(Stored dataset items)
◆ ◆ ◆ ◆ ◆ ◆ ◆
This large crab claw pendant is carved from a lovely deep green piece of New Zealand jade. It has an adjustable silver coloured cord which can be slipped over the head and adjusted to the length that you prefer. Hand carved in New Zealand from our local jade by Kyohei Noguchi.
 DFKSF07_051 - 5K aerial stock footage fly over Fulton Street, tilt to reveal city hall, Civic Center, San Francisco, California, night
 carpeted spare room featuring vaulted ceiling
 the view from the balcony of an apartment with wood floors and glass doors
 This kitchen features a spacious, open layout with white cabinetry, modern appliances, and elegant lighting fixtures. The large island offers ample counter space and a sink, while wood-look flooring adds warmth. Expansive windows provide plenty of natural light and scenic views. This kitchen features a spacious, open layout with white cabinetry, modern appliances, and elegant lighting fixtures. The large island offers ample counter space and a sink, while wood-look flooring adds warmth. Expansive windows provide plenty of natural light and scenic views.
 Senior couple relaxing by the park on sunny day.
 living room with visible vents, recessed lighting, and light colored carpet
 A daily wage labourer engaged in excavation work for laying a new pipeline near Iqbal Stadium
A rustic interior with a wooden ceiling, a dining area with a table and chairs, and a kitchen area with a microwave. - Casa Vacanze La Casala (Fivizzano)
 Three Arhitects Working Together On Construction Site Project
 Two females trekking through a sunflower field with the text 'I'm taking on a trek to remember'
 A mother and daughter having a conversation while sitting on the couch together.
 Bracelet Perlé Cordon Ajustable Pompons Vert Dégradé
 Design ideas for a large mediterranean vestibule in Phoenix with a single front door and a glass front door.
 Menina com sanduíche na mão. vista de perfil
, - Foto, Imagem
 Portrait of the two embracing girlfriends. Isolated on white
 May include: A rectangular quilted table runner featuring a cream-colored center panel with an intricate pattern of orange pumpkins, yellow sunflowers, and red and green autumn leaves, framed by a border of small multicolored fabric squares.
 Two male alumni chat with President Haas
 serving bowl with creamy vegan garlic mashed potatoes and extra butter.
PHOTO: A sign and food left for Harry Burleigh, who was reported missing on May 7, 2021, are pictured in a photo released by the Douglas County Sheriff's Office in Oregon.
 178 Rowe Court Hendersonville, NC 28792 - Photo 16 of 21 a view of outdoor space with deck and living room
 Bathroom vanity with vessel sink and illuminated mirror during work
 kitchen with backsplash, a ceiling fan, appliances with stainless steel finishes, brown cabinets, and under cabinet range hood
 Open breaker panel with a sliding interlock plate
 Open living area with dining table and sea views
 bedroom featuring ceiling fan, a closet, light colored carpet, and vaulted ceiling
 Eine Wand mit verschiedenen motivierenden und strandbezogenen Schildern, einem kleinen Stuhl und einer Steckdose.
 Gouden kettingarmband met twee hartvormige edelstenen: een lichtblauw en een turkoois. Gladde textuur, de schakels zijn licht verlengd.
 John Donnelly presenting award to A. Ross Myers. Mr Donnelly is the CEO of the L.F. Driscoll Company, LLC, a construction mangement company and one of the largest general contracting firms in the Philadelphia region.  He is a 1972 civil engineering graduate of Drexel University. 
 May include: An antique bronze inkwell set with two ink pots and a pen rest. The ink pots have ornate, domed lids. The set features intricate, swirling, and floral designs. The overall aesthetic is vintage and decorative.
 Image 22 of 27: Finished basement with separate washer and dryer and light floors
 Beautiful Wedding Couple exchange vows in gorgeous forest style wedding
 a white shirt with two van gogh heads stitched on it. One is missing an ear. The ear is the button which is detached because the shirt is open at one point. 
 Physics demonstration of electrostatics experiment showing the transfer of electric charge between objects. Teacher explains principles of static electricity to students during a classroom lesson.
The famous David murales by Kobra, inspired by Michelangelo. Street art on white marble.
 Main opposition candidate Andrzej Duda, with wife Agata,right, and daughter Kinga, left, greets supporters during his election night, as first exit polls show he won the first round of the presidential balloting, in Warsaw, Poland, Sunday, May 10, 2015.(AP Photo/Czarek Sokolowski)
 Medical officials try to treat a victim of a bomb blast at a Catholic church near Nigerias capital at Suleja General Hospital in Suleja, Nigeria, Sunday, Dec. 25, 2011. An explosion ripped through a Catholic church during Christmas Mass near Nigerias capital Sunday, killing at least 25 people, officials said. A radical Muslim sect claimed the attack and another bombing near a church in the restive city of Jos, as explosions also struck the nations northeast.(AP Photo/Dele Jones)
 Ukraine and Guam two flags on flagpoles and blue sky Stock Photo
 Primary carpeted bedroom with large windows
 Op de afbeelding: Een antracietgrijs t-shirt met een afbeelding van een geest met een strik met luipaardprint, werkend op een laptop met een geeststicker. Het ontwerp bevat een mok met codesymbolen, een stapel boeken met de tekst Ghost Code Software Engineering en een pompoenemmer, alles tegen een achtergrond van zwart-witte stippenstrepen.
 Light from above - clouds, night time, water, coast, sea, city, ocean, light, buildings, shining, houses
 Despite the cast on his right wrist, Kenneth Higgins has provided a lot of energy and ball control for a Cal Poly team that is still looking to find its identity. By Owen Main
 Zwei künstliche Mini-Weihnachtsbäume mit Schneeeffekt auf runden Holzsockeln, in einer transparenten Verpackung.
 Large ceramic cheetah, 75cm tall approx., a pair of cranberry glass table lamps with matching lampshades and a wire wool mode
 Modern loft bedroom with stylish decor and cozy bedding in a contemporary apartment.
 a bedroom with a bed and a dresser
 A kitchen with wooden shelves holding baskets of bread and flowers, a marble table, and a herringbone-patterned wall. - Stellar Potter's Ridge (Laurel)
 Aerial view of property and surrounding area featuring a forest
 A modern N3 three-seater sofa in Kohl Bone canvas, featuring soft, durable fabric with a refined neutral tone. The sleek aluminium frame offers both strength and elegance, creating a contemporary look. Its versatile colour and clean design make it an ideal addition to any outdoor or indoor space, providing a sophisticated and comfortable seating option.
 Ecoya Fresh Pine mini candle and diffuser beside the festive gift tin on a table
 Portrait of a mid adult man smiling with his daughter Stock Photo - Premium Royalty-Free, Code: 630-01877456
◆ ◆ ◆ ◆ ◆ ◆ ◆
_Exercise objective_
What lines in the records contain the word "sink"? Return each one.

_Result of this task_
 This kitchen features a spacious, open layout with white cabinetry, modern appliances, and elegant lighting fixtures. The large island offers ample counter space and a sink, while wood-look flooring adds warmth. Expansive windows provide plenty of natural light and scenic views. This kitchen features a spacious, open layout with white cabinetry, modern appliances, and elegant lighting fixtures. The large island offers ample counter space and a sink, while wood-look flooring adds warmth. Expansive windows provide plenty of natural light and scenic views.
 Bathroom vanity with vessel sink and illuminated mirror during work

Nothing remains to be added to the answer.